Don't believe me? Check the cautionary tale of Netflix. Its stock decreased by 75% as a result of several tactical pricing and communications missteps that upset its customers.

A brand is judged by and creates equity through what it does, rather than what it says
The idea that a brand is a promise has never been truer. But, even more importantly, it is a promise kept. Actions by brands that appear to be out-of-sync with their brand promise can cause damage to the brand.

As another case, consider Susan G. Komen for the Cure. The venerable organization induced a massive public outcry when it made the decision to discontinue a grant to Planned Parenthood that supported breast cancer exams. The ferment cost it untold dollar donations and called public attention to the practice of “pink washing,” where products that are marketed as supporting breast cancer research could be viewed as clever marketing ploys, rather than substantive to actually helping find a cure for breast cancer. While the funding decision was ultimately reversed, it did raise doubts in the public mind about the integrity of the organization.

But what does this all mean for today's PR practitioner? How do we need to evolve in this new world? How do we tell the story of our clients and protect their reputations in this new world?

Here are a few suggestions:

Don't resist the change: Lean in
Yes, there is less “control” of the conversation. Media is no longer tightly controlled and social media has handed everyone a bullhorn. Accept the fact that the tactics that may have worked several years ago may not work today.

Listen to what your audiences are saying
The conversation about your brand is going on in digital channels whether you are listening or not. Better to monitor what is going on than to be surprised once the story goes viral and hits every front page, landing page, and primetime news program.

Know that the power of the brand is in its truth: Authenticity and transparency are key
There are too many ways for information to get out and be discovered these days. In the era of WikiLeaks, it's much harder to keep secrets from the public than it used to be. Inconsistencies that are unearthed are broadcast widely and live forever in your search results.

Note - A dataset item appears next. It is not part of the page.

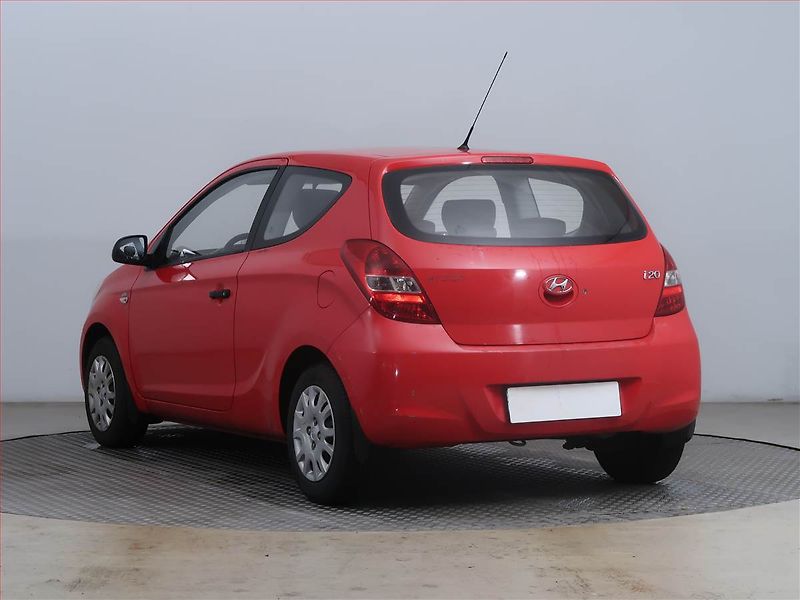Hyundai i20 (2011) 1.2, Serv.kniha, po STK - fotka 4 z 13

Better to be honest with your customers than to have inauthenticity be discovered. I believe brands that don't align with some higher purpose to which they adhere will become less and less relevant over time.

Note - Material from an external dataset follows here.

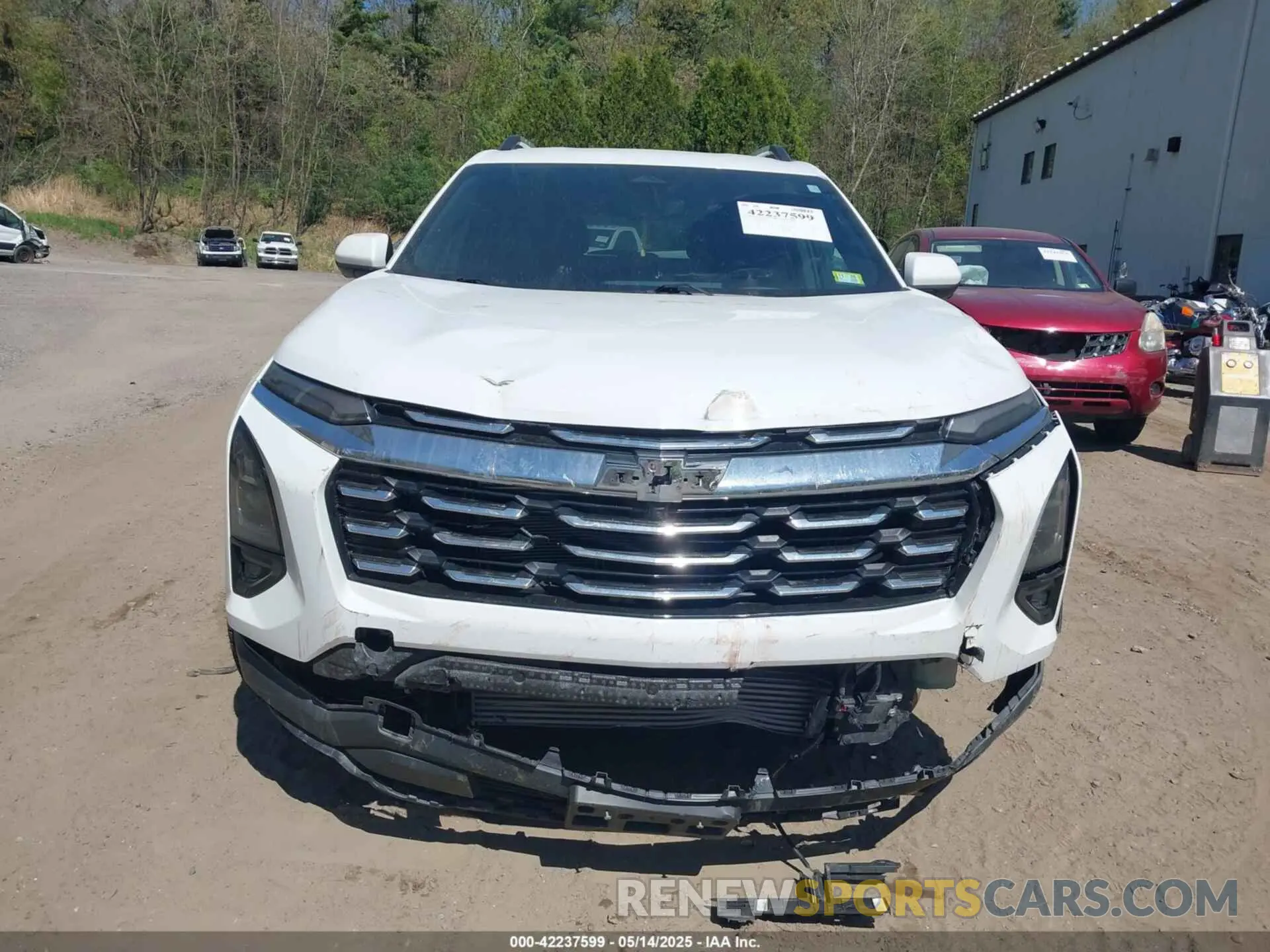 13 Photograph of a damaged car 3GNAXPEG0SL153490 CHEVROLET EQUINOX 2025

Your former audiences are now your collaborators: Invite them in to be advocates and co-stewards of the brand story
Welcome your audiences as true collaborators and co-stewards of your brand story. Tell one cohesive, holistic, trans-media brand story throughout all brand touchpoints: live events and experiences, traditional earned media, advertising, social media, mobile, etc. Leave room for your audiences to create the story with you.

Review the entire experience of your brand at every touch point, including point-of-purchase, product or service experience, customer communications, customer service, etc., and work to align those experiences with your brand and, hopefully, your brand's purpose. Remember that any experience can become social media. Make sure that every experience positively supports and reflects your brand.

Engage your audiences. Cultivate and identify advocates who will help shape and tell your brand story.

I have seen the power of an army of advocates when they come to the defense of a brand. It's a wonderful sight to behold. But this must be cultivated over time; it doesn't “just happen.”

I recently had a great experience of this by a brand I love, the New York City pizza chain, Two Boots Pizza. I was in a Two Boots pizzeria having a slice, when Michael Stipe, lead singer of the band REM, sat next to me. What's most interesting about this story happened later, when I tweeted the celebrity sighting. The Two Boots Pizza community manager tweeted back at me, asking me which location I had been in and thanked me for my business. And here I am, telling you about my love for Two Boots Pizza. Well done, Two Boots!

As Mr. Stipe sang in one of his songs: “It's the end of the world as we know it, and I feel fine.”